Web page caption snippets

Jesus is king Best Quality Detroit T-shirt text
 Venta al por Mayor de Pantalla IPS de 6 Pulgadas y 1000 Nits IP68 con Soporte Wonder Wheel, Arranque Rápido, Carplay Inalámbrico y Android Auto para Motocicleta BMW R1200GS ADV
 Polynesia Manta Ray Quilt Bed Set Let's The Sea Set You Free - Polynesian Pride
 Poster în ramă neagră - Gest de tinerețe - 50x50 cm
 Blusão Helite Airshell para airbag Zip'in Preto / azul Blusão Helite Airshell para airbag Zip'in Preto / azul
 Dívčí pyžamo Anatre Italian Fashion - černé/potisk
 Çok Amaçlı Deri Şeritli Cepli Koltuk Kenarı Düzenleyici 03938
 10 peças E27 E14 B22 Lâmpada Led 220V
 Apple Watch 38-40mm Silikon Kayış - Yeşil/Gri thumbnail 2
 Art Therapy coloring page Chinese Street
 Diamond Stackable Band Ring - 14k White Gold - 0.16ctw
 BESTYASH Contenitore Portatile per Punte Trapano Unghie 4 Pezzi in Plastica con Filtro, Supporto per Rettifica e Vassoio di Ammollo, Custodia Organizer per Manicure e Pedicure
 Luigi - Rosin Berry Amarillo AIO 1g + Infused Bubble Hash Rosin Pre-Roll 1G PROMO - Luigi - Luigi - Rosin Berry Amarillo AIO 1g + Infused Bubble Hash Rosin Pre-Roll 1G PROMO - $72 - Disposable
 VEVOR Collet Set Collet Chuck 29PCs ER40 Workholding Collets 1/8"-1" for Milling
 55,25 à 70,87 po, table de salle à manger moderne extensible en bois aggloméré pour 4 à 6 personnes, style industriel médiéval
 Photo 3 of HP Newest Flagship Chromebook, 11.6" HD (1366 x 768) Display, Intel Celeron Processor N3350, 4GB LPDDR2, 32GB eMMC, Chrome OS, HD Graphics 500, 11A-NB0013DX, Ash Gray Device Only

_Exercise objective_
Your answer must be the data above, copied exactly from its first line through the line containing "Polynesia Manta Ray", and nothing more.

_Final answer_
Jesus is king Best Quality Detroit T-shirt text
 Venta al por Mayor de Pantalla IPS de 6 Pulgadas y 1000 Nits IP68 con Soporte Wonder Wheel, Arranque Rápido, Carplay Inalámbrico y Android Auto para Motocicleta BMW R1200GS ADV
 Polynesia Manta Ray Quilt Bed Set Let's The Sea Set You Free - Polynesian Pride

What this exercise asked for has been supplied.